◆ Description of the task ◆
Write out again only the lines between the one with "How do we know" and the end of the records below, both ends counted, and don't include the pictures.
** Opening Dataset block **
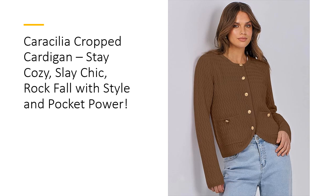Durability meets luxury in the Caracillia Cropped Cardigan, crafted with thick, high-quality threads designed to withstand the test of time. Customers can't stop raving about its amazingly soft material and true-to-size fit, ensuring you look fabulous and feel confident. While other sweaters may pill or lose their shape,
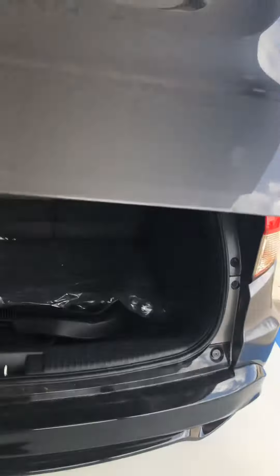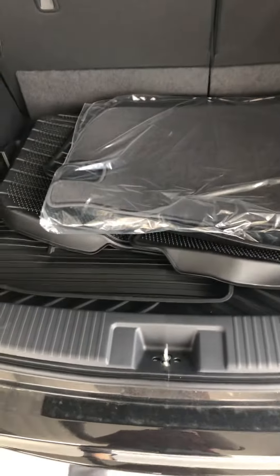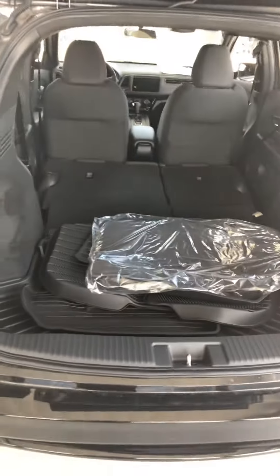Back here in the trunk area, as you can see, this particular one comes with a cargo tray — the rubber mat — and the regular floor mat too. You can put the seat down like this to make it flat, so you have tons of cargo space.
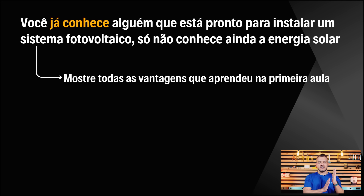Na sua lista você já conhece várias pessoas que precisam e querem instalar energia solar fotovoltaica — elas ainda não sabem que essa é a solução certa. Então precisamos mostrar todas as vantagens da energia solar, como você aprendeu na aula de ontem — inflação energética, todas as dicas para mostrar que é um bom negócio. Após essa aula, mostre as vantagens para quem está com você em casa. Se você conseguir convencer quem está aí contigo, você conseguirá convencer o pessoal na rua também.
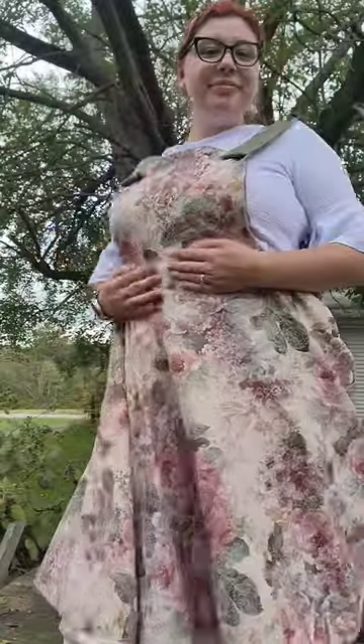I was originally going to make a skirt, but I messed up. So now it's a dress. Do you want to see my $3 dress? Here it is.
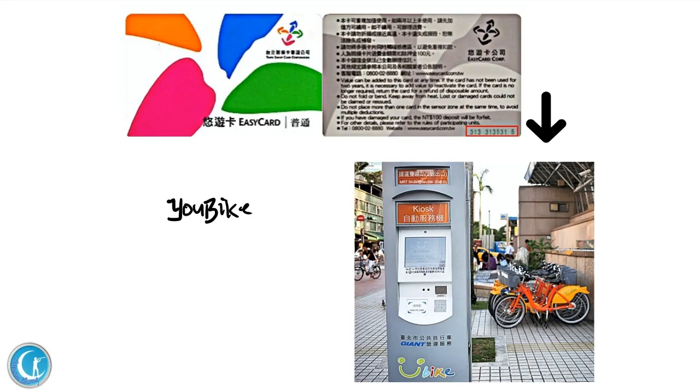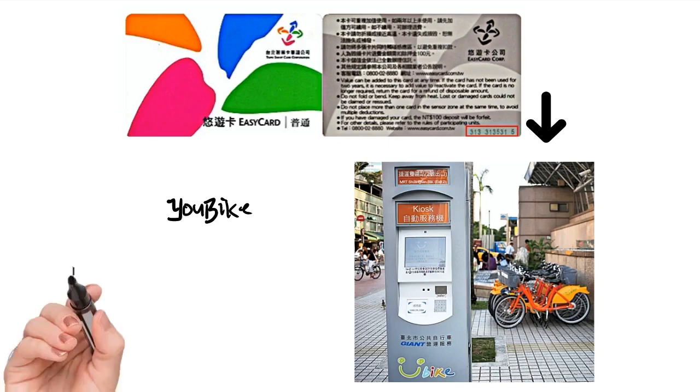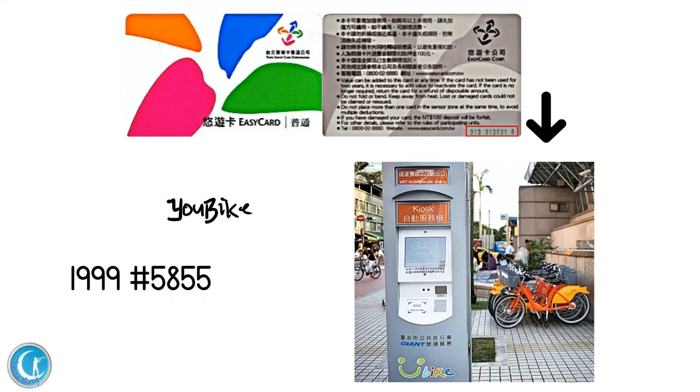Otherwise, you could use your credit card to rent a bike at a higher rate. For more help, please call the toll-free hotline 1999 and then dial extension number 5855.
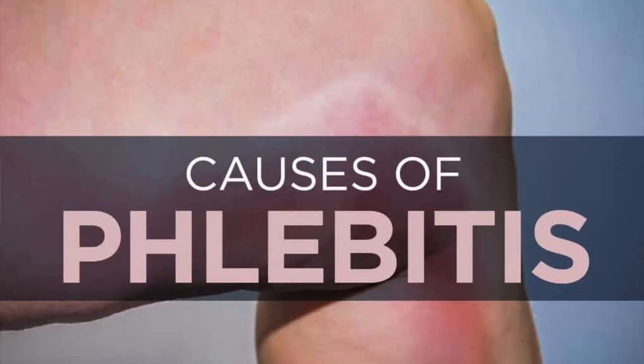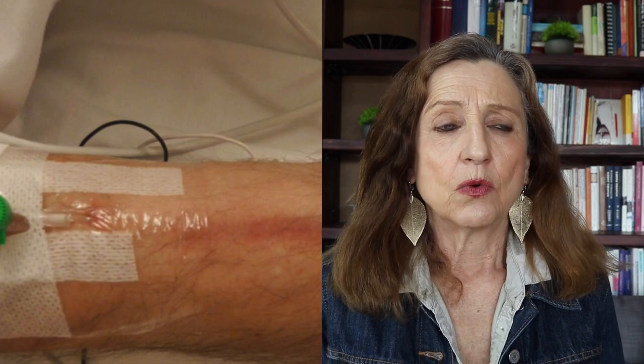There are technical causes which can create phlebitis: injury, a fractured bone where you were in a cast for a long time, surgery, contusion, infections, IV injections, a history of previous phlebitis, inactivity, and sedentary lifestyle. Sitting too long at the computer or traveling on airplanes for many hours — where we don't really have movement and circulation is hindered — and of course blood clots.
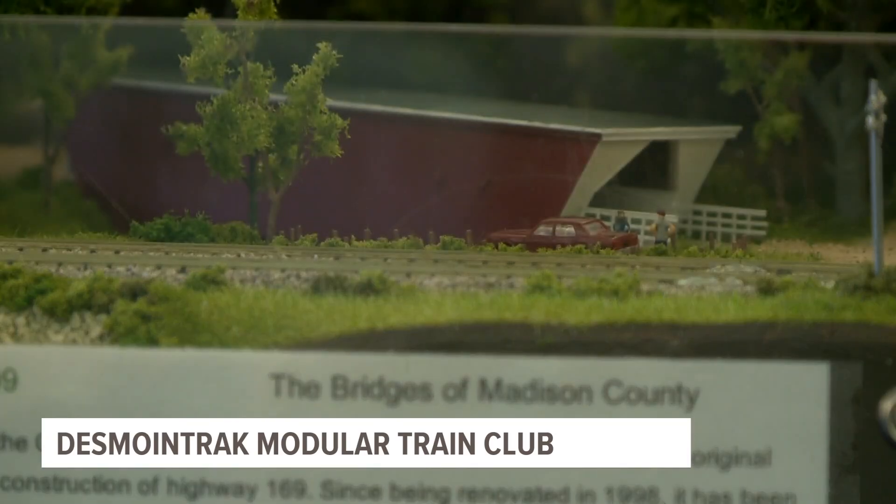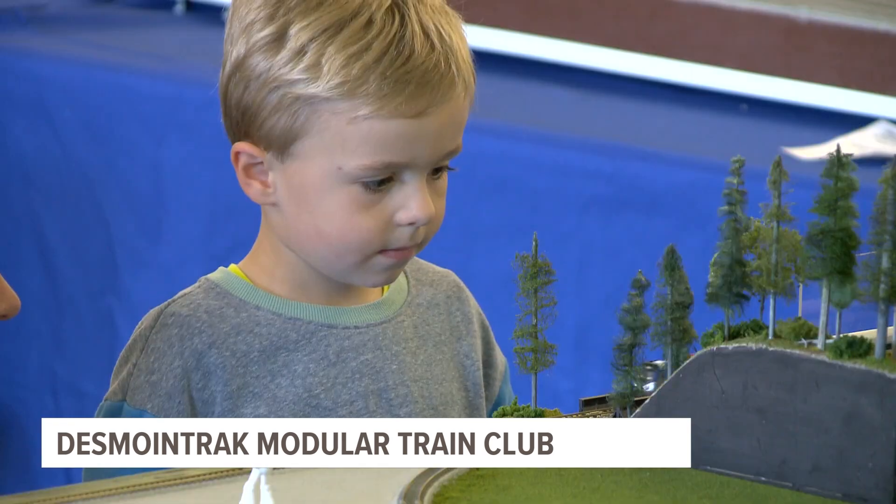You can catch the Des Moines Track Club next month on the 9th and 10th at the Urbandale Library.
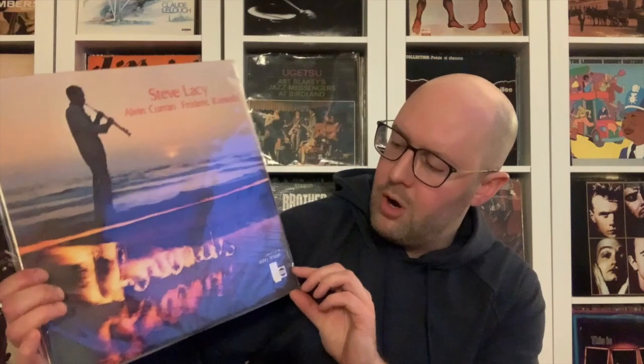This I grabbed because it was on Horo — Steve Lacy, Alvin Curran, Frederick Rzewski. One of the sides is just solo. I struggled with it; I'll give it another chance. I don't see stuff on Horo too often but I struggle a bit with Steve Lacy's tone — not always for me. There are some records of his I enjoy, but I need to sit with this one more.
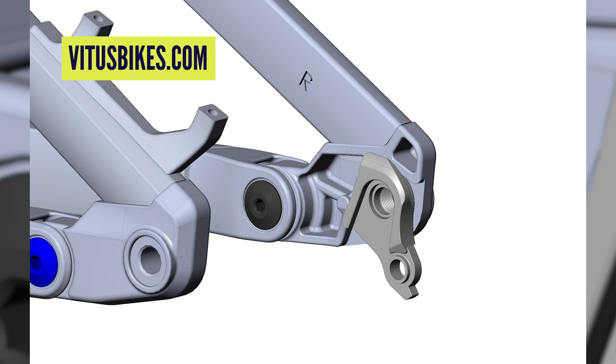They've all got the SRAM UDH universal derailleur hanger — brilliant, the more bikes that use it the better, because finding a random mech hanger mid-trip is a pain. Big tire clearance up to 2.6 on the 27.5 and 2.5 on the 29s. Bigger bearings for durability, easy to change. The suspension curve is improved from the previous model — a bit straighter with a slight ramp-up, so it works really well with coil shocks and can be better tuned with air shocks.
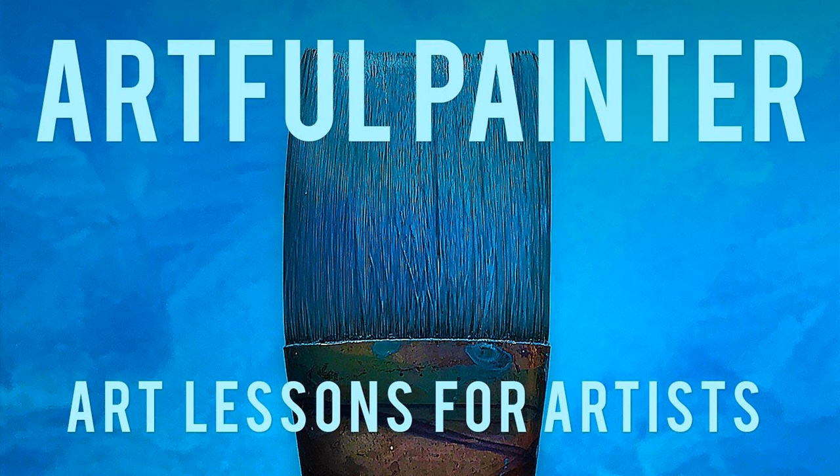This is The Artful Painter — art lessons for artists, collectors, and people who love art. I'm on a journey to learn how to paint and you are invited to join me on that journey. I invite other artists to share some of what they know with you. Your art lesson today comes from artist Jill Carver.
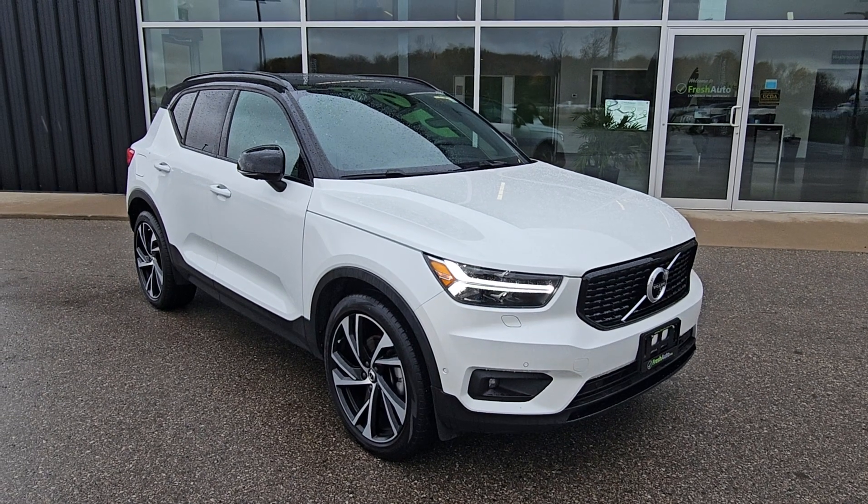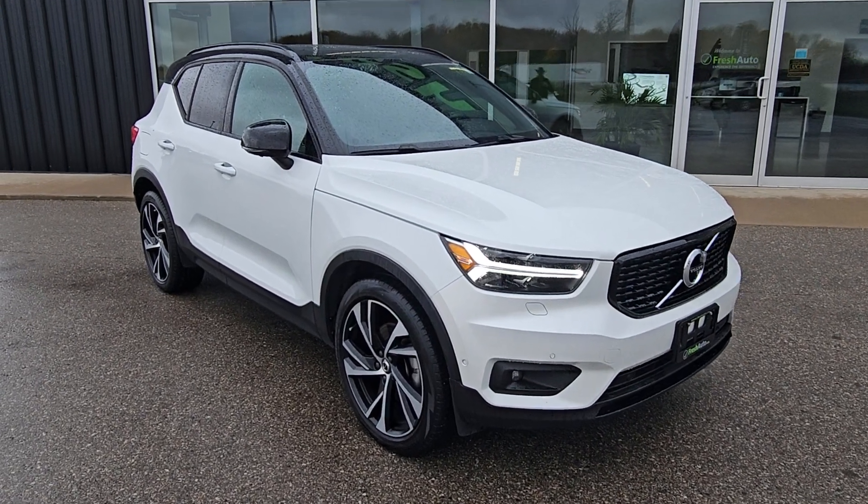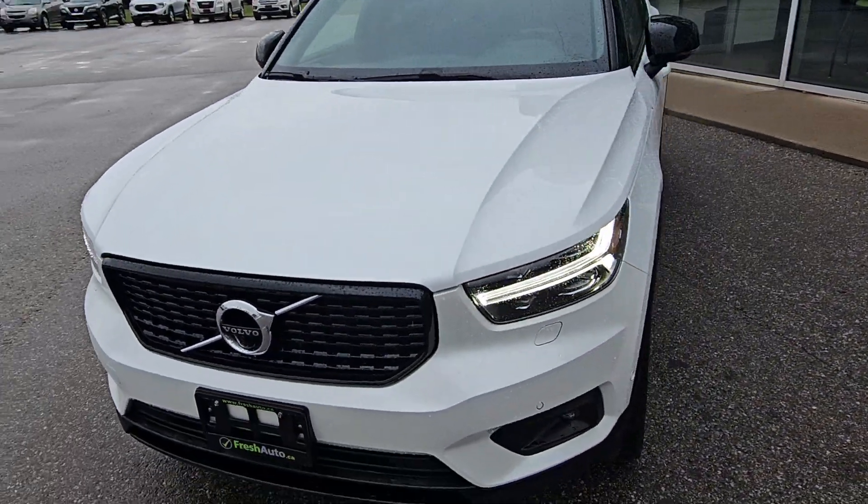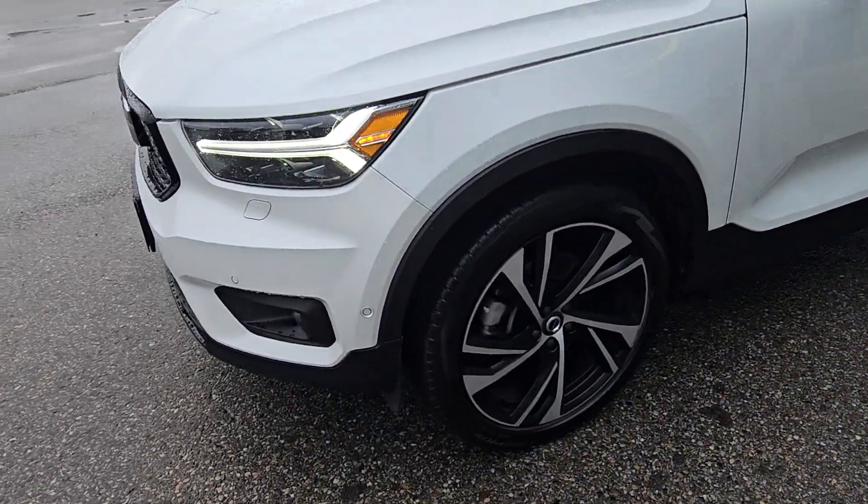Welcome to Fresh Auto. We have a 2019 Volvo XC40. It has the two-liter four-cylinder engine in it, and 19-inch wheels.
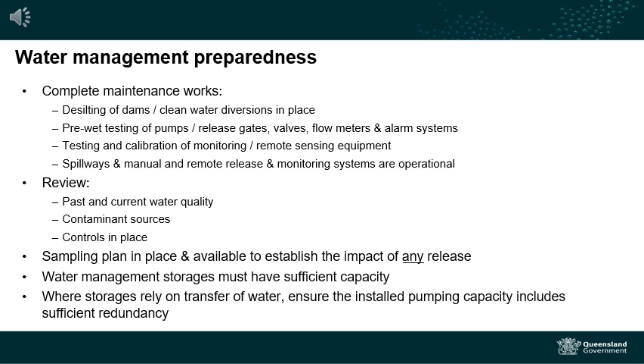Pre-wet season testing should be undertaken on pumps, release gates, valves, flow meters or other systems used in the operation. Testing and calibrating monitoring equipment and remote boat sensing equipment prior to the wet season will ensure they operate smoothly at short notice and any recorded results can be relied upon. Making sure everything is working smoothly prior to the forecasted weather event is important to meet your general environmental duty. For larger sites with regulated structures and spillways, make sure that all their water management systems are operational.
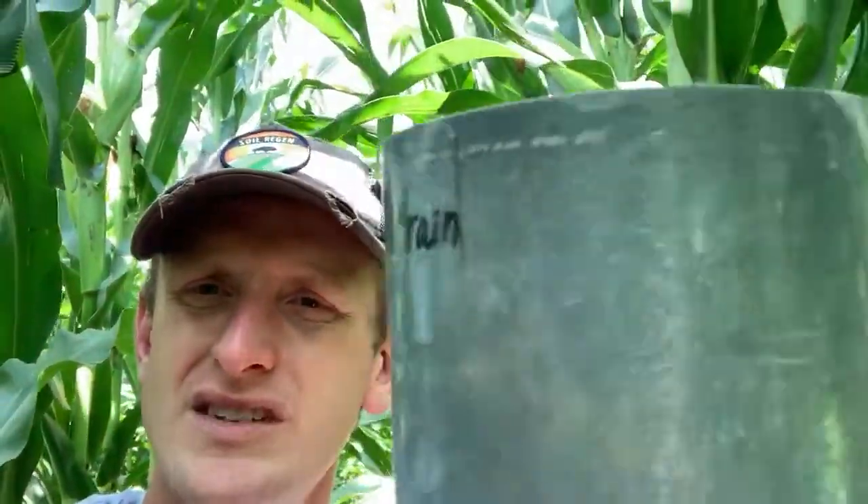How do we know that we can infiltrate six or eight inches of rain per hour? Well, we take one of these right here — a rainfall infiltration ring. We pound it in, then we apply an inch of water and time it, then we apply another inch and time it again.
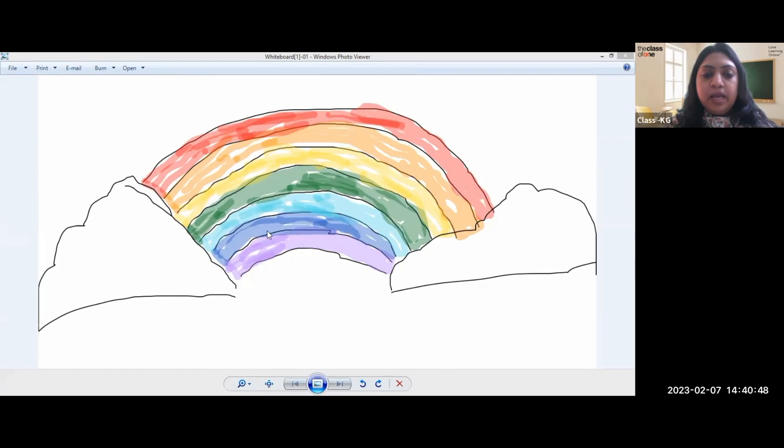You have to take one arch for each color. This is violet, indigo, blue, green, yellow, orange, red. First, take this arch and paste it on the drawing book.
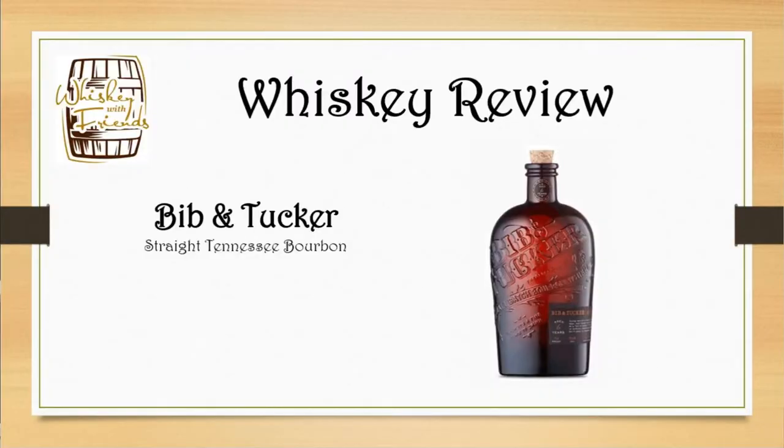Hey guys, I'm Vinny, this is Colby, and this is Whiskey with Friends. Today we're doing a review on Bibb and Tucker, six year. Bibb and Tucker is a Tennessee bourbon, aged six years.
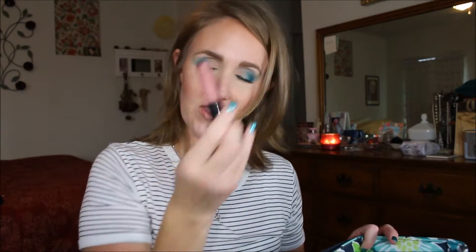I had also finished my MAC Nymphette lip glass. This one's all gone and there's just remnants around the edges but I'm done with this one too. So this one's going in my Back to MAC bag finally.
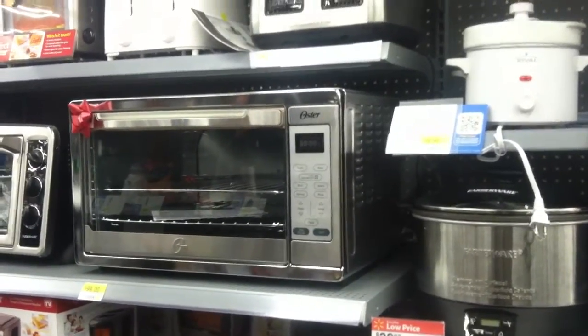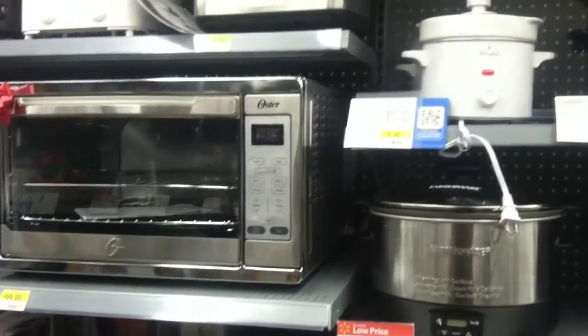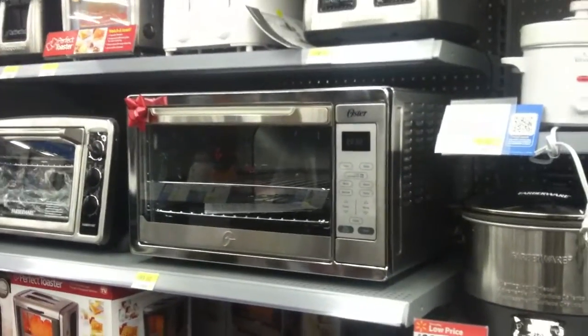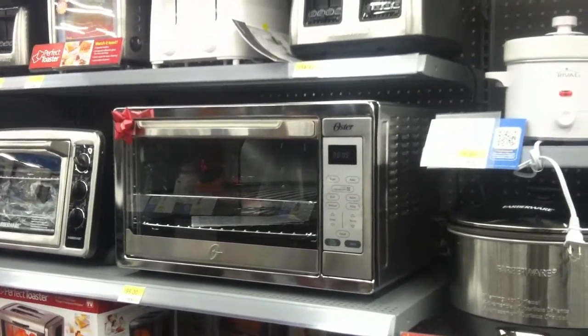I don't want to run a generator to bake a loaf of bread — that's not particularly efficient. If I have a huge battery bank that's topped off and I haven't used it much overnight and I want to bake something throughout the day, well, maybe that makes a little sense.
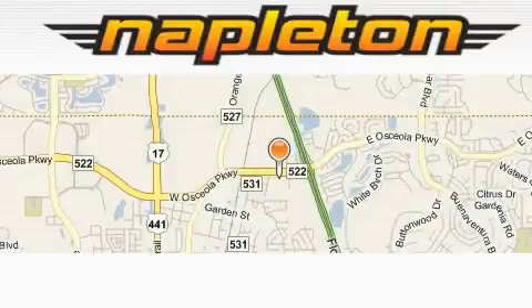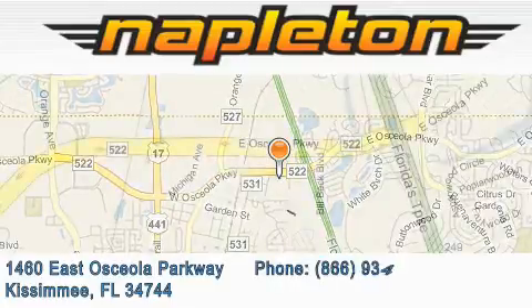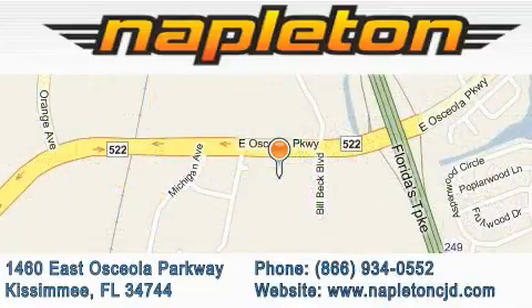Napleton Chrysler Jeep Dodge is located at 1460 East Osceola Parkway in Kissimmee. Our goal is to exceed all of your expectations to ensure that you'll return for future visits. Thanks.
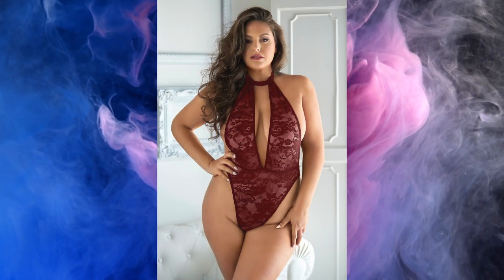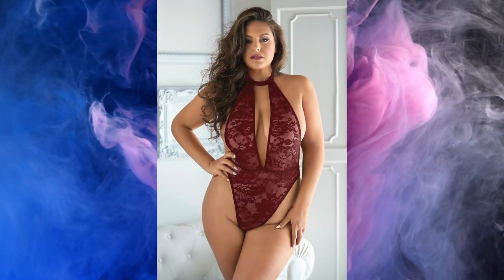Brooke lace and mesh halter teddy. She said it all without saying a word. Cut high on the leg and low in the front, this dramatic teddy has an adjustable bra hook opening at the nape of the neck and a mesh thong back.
** Closing Dataset block **
◆ Written response ◆
How do we know that we can infiltrate six or eight inches of rain per hour? Well, we take one of these right here — a rainfall infiltration ring. We pound it in, then we apply an inch of water and time it, then we apply another inch and time it again.
You have to take one arch for each color. This is violet, indigo, blue, green, yellow, orange, red. First, take this arch and paste it on the drawing book.
Hey guys, I'm Vinny, this is Colby, and this is Whiskey with Friends. Today we're doing a review on Bibb and Tucker, six year. Bibb and Tucker is a Tennessee bourbon, aged six years.
I had also finished my MAC Nymphette lip glass. This one's all gone and there's just remnants around the edges but I'm done with this one too. So this one's going in my Back to MAC bag finally.
I don't want to run a generator to bake a loaf of bread — that's not particularly efficient. If I have a huge battery bank that's topped off and I haven't used it much overnight and I want to bake something throughout the day, well, maybe that makes a little sense.
Napleton Chrysler Jeep Dodge is located at 1460 East Osceola Parkway in Kissimmee. Our goal is to exceed all of your expectations to ensure that you'll return for future visits. Thanks.
Brooke lace and mesh halter teddy. She said it all without saying a word. Cut high on the leg and low in the front, this dramatic teddy has an adjustable bra hook opening at the nape of the neck and a mesh thong back.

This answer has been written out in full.